INPUT DATA:
◆ ◆ ◆ ◆ ◆

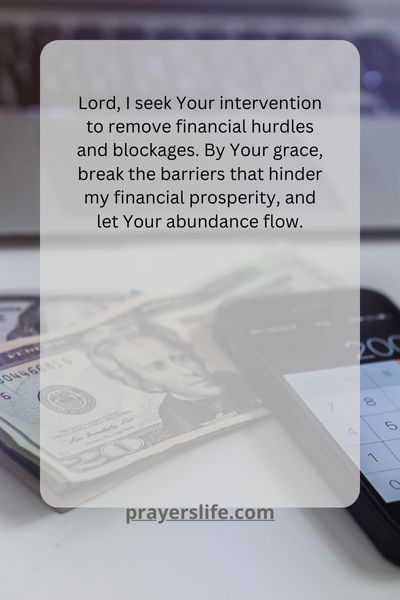 A Prayer To Remove Financial Hurdles And Blockages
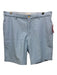 Peter Millar Size 34 Light blue Synthetic Solid Khakis Men's Shorts Light blue / 34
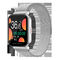 MT28 1.54 inç HD akıllı saat erkekler vücut sıcaklığının gerçek zamanlı izleme hava kalp hızı spor Andro için Smartwatch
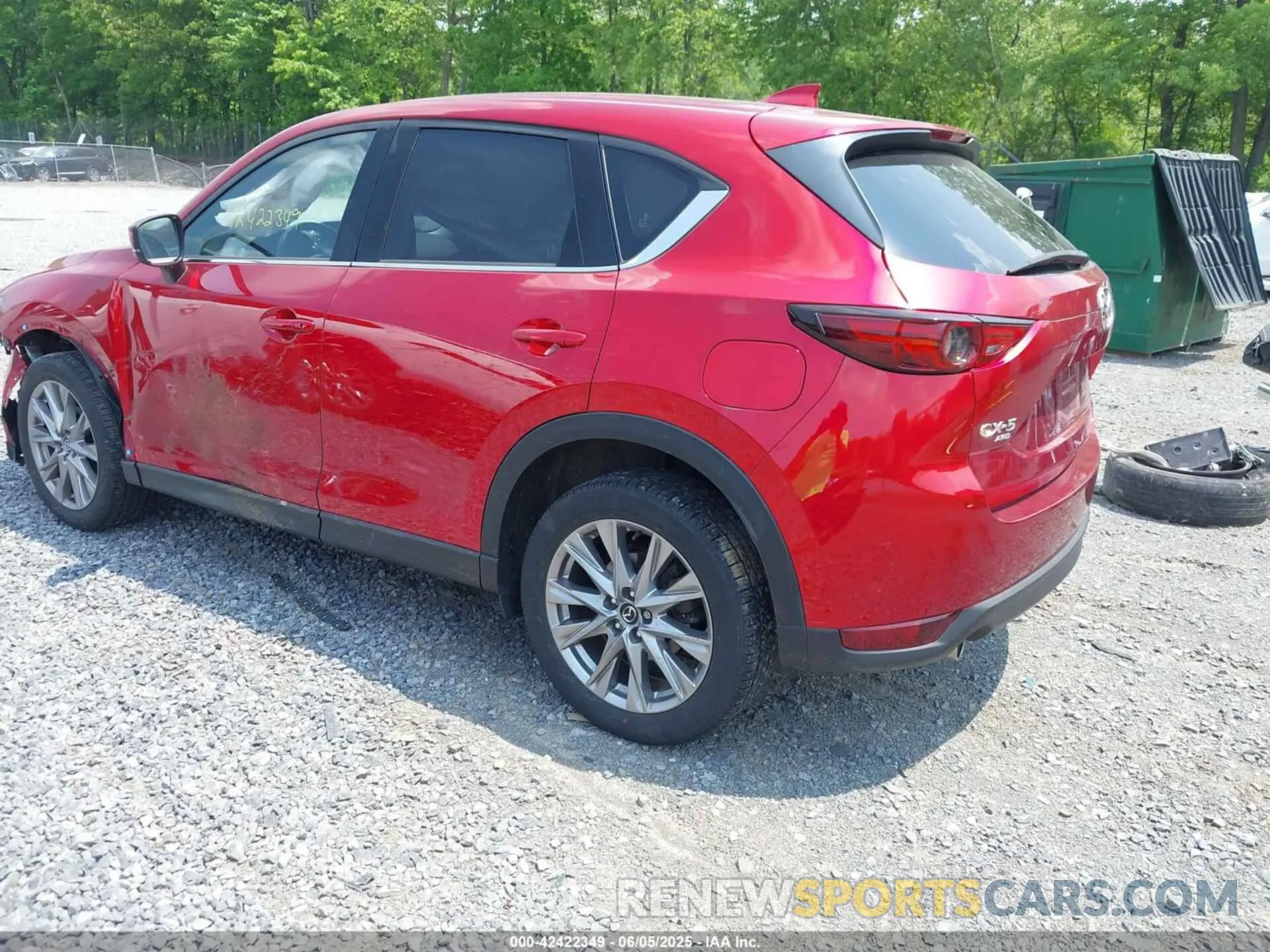 3 Photograph of a damaged car JM3KFBDM3M0434569 MAZDA CX-5 2021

◆ ◆ ◆ ◆ ◆

WHAT YOU ARE ASKED TO DO:
Output each line of the listing above, word for word, from the one holding "MT28 1.54 inç" through the last line, both included; omit the pictures.

REPLY:
 MT28 1.54 inç HD akıllı saat erkekler vücut sıcaklığının gerçek zamanlı izleme hava kalp hızı spor Andro için Smartwatch
 3 Photograph of a damaged car JM3KFBDM3M0434569 MAZDA CX-5 2021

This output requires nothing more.